The Fourteen-year-old Dancer (La Petite Danseuse de Quatorze Ans, 1881)
After beginning to lose his eyesight after his fiftieth birthday, Degas became increasingly dependent on his sense of touch and so started to turn from painting to sculpting. Although during the last period of his life he hardly ever showed his work to anybody, he decided after working the Dancer for than two years, to send his work to the impressionist exhibition in Paris
After he had carefully sculpted the body, he had the clothes custom made: the bodice, the net dancing skirt and the ballet shoes. On top of the bodice he then worked again with wax, so this was to become a solid part of the figure when it was cast in bronze. He expected a sympathetic reaction from the audience, but they were at an utter loss. It was obviously too realistic. ‘Mister Degas dreamed of an ideal picture of ugliness. The fortunate man! He has achieved it …’, a critic wrote. He was known as a painter and now he had designed something that seemed to laugh at all the traditional values of the art of sculpting, which was something the audience just could not understand.

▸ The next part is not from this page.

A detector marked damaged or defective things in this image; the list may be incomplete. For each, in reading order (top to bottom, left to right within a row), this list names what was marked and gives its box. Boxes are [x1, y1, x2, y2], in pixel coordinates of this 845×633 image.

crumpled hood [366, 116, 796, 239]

After this experience Degas never exhibited any of his work again. Looking back, he was clearly ahead of his time and he had developed a degree of objective realism for which his contemporaries were not in the slightest prepared. It is a lifelike sculpture, with her chin lifted into the air and her immature body, the girl is standing before us, ready to start moving whilst at the same time she seems motionless and timeless — so characteristic of the true art which outlives its time so splendidly.
EDGAR DEGAS (1834-1917)
The course of life of the Parisian painter had few dramatic peaks. Being the eldest son of a well-to-do family, the cynical, snobby loner was able to devote his life to the arts. Furthermore, he remained a bachelor because: ‘There is love and there is work, and we only have one heart.’

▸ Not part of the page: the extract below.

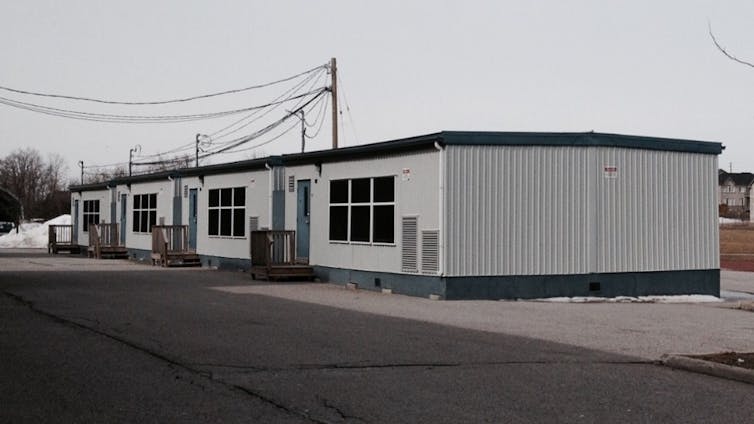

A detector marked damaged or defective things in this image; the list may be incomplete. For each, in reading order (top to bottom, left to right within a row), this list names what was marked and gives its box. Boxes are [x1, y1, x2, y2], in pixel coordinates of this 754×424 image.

cracked pavement [4, 250, 752, 422]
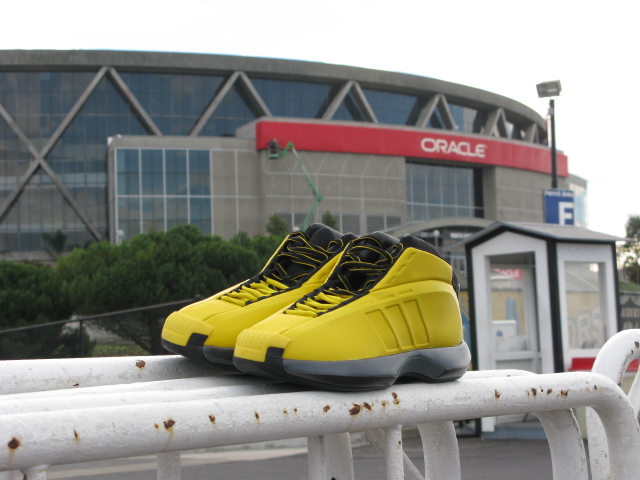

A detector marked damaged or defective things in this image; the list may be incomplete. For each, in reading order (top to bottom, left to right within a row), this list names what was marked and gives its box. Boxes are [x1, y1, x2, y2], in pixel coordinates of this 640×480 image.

rusty metal railing [1, 332, 640, 478]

His classical education can be recognized in his earlier work, in particular the strict composition and line inspired by Ingres whom he greatly admired. Degas took a special position within the group of artists led by his friend Monet, who regularly got together in the Cafe Guerbois. His cynicism and sharp tongue however, made his difficult in company and many ideas from Zola, Renoir and Monet did not appeal to him. Although he referred to himself as an ‘independent realist’, he was very much involved in the impressionistic revolution and the themes and techniques developed the traditional and modern art of painting.
In 1874, together with Monet, he organized the first exhibition of the ‘independents’, which was named the ‘the impressionists’ by a critic. A realist: ‘I know nothing of inspiration, spontaneity and temperament.’ He locked himself up inside his studio and used photos as a mnemonic device, whilst others went outside with the tubes of paint which had recently come onto the market. Degas considered that utter nonsense: ‘Painting is not a sport!’, besides: ‘I do not have the habit of painting when I am in the countryside.’
In his fifties he began to encounter financial problems and on top of that his eyesight began to deteriorate. However, according to Renoir only then ‘the real Degas’ emerged through his paintings’. Degas himself said: ‘Anyone can be talented when his is twenty-five, what count is to have talent when you are fifty.’